The Mudcat Café TM
Thread #132672   Message #3064446
Posted By: GUEST,matt milton
31-Dec-10 - 10:54 AM
Thread Name: Electric Eden
Subject: RE: Electric Eden
I found the 'irritating mistakes' to be more writerly than factual: I appreciate it's a huge book, but every couple of pages there'd be a clunker of a mixed-metaphor or dangling clause or sentence that didn't semantically mean quite what its author seemed to think it did. I did feel like Faber took the eye off the ball on the editorial/proofreading front.

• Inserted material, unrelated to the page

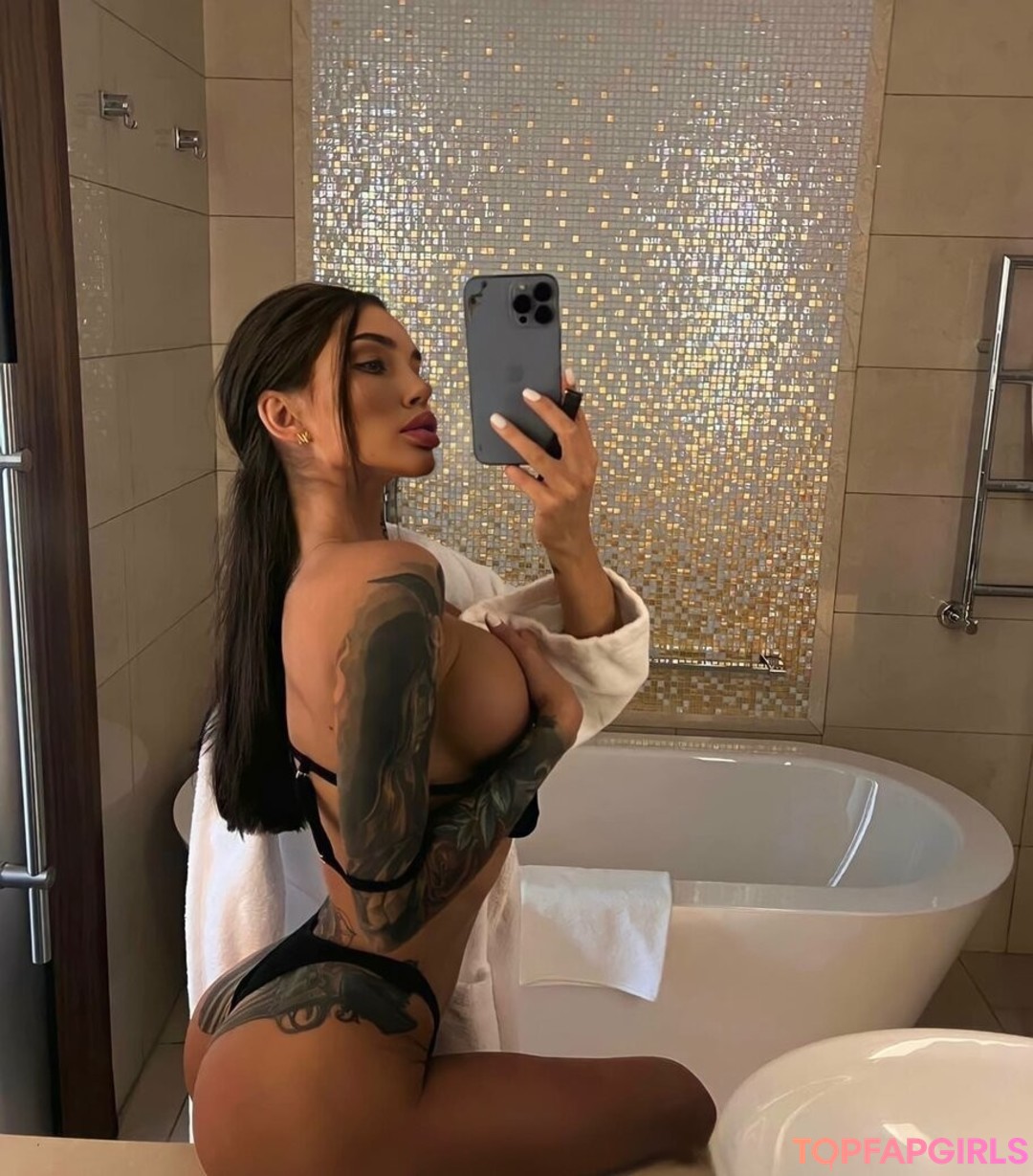 Naakte gelekte OnlyFans-foto van Nessa Orlova #1068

In general I found it a bit hack-ish: it suffered from the music journo's impossible desire to cram in every single thing he likes about music. His stated remit - the visionary in English music - gave him a baggy enough tent to house most of his interests under, conveniently allowing him to write about people like Kate Bush as well as Pentangle or Fairports. It even let him cheat a bit - he writes about Ewan MacColl and industrial folk music precisely because of its *difference* from the visionary, pastoral aesthetic he was supposedly writing about.

There was also not a great deal about the actual *music*. I don't mean the instrumentation, or the musicians - I mean the music. That's one of the funniest things about music journalists - they generally prefer writing about musicians to writing about music.

In short, I felt Rob Young is an excellent (and dedicated) historian, a slightly wobbly theorist and a tolerable writer (with a tendency to think he's Iain Sinclair that really doesn't suit him).

That said, it didn't prevent me from enjoying it as a whole. I liked the bits about the classical composers best - Vaughan Williams, Peter Warlock et al - and I thought he had the most insightful things to say about them.